Apartment Complex Tear-Downs at Borei Keila Land Grab Site in Phnom Penh

My friend Alex, who lives very close to Borei Keila, texted me around 5:00 PM today. He told me construction workers had torn down one of the old and emptied apartment buildings at the Borei Keila land-grab site, and that they were in the process of tearing down another.

Police presence was heavy and aggressive when I tried to take shots at the site on Thursday, but Alex told me that the guards had left—perhaps they figured journalists would take the day off on Saturday—and I could easily get inside. He was right.

Borei Keila Evictees Protest Egregious Land Grab Outside US Embassy

Edited to add: My excellent Cambodian source says protesters were arrested late tonight (the 4th) after returning to the remains of Borei Keila. No word yet on how many were arrested. Waiting until protesters were out of range of the US Embassy and after most press activity had knocked off for the night seems to be the tactic of choice.

Protesters evicted from the Borei Keila community yesterday staged a protest in front of the US Embassy here in Phnom Penh tonight. Hoping to attract US attention to their plight, around 70 protesters, joined by activist and lawyer Mu Sochua, staged a sit-in outside the Embassy, hoping to set up for the night on the grassy median outside. It wasn’t like they had anywhere else to go.

Around 300 families—most poor migrant workers—were not provided for by the Phanimex development company which purchased the land Borei Keila sat on until Tuesday afternoon. Cops moved in Tuesday morning and were met with intense resistance – including stones, Molotov cocktails, and fists – by residents.

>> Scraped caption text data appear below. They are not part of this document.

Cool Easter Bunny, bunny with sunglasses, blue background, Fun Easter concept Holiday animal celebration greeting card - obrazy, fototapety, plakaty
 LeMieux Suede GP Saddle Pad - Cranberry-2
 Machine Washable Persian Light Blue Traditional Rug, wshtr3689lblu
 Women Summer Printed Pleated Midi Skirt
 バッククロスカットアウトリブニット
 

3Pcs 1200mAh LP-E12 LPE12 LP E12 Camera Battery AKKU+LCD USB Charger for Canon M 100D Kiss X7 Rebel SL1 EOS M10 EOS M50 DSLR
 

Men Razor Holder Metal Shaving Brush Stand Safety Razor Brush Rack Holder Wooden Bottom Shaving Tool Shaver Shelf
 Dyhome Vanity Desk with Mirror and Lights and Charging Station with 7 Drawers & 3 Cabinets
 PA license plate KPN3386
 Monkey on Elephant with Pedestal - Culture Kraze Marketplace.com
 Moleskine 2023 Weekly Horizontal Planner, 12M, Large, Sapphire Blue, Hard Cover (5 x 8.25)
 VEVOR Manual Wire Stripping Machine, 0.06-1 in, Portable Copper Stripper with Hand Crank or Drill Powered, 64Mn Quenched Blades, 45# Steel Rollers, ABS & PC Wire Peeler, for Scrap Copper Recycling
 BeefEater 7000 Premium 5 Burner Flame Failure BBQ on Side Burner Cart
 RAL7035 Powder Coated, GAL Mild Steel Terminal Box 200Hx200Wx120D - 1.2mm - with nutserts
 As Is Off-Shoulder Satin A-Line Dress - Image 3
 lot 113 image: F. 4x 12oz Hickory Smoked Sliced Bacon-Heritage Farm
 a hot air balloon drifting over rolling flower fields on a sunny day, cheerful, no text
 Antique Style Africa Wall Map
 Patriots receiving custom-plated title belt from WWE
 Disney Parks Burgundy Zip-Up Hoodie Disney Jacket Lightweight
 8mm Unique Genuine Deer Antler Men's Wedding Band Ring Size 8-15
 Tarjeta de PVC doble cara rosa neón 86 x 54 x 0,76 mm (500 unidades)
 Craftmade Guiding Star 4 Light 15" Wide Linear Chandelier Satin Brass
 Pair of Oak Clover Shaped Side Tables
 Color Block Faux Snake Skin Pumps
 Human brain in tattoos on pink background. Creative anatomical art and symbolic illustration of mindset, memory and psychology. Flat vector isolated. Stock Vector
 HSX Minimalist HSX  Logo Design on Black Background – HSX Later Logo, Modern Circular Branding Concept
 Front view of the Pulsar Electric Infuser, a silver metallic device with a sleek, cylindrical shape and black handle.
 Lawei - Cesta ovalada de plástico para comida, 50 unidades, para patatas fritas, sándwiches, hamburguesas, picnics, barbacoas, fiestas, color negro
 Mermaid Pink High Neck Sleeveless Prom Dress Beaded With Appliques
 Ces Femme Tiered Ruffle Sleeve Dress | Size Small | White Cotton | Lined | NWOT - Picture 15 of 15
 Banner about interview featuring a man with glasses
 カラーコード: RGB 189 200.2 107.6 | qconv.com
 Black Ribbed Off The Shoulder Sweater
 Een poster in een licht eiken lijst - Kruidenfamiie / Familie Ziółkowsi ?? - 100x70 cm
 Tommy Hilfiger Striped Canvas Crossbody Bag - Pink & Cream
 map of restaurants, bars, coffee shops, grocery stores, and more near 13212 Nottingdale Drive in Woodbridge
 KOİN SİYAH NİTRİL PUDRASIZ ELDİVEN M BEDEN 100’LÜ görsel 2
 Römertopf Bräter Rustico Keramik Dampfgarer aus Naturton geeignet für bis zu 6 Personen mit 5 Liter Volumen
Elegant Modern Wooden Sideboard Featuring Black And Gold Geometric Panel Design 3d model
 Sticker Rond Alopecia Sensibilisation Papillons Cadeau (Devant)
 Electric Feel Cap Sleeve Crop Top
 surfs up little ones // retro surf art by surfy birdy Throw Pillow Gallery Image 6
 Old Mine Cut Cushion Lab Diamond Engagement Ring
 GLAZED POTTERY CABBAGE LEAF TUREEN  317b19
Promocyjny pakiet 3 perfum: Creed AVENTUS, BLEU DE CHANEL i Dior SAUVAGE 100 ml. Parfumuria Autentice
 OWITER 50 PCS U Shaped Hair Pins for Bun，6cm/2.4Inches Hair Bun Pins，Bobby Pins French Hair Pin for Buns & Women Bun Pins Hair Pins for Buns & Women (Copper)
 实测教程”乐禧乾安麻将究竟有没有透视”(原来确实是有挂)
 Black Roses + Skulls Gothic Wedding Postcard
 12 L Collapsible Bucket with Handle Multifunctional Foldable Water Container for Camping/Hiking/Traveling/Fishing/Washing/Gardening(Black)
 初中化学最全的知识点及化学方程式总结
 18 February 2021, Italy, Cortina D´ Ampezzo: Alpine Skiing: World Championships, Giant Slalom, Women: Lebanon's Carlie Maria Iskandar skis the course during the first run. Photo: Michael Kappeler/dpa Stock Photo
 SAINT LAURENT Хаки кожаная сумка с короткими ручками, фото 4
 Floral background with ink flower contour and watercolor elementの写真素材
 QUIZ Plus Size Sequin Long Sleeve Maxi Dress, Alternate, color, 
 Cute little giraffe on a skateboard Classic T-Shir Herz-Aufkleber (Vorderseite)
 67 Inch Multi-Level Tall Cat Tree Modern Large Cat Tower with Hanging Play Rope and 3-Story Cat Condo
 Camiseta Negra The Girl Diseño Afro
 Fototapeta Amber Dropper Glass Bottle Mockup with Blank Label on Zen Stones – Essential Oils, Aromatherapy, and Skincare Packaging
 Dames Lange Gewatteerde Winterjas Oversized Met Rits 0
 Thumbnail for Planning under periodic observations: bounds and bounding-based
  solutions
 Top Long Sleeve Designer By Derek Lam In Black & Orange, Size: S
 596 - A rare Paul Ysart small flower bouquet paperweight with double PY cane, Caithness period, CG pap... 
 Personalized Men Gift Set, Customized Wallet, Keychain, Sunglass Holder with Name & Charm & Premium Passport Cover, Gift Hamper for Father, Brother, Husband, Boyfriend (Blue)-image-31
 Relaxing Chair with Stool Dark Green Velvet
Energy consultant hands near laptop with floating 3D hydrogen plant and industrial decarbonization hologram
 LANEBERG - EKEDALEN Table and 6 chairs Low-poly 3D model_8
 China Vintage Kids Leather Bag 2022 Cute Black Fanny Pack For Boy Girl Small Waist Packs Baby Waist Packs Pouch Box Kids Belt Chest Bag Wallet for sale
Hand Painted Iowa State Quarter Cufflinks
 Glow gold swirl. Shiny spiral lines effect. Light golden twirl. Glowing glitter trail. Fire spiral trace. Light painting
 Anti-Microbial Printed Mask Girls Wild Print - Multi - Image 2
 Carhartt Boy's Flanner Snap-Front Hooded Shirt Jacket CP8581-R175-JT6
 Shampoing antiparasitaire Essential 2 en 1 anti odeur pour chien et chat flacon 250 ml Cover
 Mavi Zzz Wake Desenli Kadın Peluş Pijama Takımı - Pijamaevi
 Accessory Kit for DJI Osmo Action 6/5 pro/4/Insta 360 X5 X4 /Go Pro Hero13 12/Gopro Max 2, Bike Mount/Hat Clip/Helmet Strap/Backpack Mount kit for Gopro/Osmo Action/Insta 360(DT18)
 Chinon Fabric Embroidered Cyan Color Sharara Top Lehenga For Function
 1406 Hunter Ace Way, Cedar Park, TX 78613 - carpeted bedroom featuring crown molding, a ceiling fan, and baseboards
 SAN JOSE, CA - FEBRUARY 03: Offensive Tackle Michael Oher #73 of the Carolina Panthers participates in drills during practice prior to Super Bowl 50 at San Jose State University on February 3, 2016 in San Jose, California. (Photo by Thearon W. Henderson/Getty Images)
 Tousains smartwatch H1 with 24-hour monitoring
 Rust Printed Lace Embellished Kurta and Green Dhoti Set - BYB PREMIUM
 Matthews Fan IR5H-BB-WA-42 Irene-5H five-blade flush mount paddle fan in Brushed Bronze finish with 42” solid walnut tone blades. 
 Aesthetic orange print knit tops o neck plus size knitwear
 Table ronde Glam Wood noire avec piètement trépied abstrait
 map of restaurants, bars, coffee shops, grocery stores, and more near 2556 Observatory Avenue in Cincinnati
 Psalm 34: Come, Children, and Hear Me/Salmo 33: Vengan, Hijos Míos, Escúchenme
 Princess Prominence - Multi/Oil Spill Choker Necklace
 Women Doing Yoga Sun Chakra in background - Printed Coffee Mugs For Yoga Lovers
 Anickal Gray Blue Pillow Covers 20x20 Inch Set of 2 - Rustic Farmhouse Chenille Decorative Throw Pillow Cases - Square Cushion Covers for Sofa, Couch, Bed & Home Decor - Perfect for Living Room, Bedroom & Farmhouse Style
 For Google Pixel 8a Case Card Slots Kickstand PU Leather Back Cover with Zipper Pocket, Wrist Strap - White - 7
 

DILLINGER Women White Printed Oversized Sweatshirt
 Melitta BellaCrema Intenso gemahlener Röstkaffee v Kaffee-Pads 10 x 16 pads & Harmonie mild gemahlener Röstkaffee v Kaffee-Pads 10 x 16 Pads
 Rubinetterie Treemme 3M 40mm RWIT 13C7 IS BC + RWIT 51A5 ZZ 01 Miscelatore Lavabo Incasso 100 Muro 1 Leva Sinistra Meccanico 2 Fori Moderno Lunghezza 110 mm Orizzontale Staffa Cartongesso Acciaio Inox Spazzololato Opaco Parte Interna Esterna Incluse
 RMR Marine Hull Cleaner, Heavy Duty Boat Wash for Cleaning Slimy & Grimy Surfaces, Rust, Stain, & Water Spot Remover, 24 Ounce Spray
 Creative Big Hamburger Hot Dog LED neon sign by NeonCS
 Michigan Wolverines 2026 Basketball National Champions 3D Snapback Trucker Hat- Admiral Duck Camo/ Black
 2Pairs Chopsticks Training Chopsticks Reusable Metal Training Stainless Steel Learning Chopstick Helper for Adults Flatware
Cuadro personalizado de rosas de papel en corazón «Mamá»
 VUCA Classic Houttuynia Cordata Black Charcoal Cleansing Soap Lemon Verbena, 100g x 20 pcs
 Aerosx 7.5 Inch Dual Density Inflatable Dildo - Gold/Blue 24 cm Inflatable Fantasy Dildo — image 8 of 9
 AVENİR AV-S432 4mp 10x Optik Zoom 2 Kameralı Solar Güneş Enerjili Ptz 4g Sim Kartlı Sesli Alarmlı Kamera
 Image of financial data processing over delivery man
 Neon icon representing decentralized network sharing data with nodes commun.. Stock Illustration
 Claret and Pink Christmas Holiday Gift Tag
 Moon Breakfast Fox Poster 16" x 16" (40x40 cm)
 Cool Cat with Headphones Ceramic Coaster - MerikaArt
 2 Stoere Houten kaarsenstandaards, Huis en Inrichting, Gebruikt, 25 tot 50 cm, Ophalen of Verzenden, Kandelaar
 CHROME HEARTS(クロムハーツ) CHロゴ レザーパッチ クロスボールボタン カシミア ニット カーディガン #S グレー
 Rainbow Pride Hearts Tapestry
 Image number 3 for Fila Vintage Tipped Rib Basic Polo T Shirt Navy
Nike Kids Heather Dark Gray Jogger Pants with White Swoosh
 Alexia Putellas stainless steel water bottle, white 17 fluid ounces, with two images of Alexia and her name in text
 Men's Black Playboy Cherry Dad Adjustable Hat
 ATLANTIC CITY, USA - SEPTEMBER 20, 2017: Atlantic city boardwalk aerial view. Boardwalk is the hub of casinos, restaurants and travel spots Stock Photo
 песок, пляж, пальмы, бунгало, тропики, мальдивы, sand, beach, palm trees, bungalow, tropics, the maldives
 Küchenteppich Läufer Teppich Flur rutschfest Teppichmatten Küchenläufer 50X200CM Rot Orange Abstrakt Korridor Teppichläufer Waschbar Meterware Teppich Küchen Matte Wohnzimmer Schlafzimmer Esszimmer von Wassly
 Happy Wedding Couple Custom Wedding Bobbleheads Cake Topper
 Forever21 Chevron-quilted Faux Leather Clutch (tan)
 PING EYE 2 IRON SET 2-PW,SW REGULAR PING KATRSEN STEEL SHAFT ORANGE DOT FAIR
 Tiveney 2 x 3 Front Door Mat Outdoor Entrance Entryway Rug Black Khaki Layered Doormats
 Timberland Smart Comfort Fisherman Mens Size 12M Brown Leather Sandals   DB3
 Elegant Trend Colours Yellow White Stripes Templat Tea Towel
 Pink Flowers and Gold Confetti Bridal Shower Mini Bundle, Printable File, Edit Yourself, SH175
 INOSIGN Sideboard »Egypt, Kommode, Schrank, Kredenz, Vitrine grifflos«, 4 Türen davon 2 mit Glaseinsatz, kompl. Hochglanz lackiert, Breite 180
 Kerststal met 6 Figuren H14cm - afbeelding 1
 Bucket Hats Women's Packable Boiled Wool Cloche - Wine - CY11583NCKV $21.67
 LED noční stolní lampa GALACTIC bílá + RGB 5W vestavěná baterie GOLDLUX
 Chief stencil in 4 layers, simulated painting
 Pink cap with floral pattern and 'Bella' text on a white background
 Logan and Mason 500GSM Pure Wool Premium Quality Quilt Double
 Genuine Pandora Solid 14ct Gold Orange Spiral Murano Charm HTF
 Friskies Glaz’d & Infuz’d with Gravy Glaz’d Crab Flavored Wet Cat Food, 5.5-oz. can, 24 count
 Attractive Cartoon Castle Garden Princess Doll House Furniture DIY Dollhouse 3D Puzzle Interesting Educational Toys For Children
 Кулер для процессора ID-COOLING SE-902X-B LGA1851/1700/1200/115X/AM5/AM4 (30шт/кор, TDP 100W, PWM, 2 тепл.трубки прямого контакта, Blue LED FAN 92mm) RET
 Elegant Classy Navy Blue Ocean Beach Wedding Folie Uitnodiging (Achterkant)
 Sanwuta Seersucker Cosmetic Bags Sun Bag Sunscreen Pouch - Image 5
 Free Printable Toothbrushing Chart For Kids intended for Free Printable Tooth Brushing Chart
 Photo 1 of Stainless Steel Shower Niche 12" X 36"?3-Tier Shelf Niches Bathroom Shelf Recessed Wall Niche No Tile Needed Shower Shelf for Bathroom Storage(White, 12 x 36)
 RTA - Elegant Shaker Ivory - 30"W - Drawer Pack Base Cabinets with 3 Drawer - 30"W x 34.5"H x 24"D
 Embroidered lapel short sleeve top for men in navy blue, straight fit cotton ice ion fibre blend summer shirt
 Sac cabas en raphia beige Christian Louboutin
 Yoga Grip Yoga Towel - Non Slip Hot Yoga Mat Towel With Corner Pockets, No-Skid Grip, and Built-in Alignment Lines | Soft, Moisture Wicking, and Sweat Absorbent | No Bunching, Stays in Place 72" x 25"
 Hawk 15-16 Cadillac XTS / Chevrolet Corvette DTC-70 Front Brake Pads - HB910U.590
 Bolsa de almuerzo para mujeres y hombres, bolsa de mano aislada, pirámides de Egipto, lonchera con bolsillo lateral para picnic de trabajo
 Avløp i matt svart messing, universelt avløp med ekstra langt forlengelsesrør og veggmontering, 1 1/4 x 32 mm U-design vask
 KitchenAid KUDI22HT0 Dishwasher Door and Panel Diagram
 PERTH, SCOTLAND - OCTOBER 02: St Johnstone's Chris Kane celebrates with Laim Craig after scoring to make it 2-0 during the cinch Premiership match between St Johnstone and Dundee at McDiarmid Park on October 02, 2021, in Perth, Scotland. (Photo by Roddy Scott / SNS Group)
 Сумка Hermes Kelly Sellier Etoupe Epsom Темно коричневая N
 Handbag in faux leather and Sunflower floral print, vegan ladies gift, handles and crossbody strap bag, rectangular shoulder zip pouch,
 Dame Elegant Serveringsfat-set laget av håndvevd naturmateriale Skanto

Allegedly because residents were acting out, police moved in and bulldozed every home in Borei Keila, without giving anybody a chance to get their things out of their homes. 300 families suddenly found themselves without anywhere to go, and decided to make for the US Embassy as a last-ditch effort to draw some attention to their cause.

I met incensed women this evening, claiming that their and their friends posessions had been crushed by police bulldozers.

“I think they are trying to kill us with starvation,” one woman said, referring to what appear to be government efforts to keep NGOs with food assistance out of the Borei Keila area.

The same woman noted that the company had asked her for $3,000 to be moved into the supposedly “free” company-provided housing. “I have lived in Borei Keila since I was young, and now I am old,” she said. “The government says if you live on land for long enough it belongs to you, but they have evicted me.”

Over 100 rather nervy cops in full riot gear appeared at the protest, and soon enough a loudspeaker truck with a bunch of young men in blue pulled up. Everyone was ordered out by the  chief of Daun Penh district, who threatened to use administrative action if his orders weren’t heeded.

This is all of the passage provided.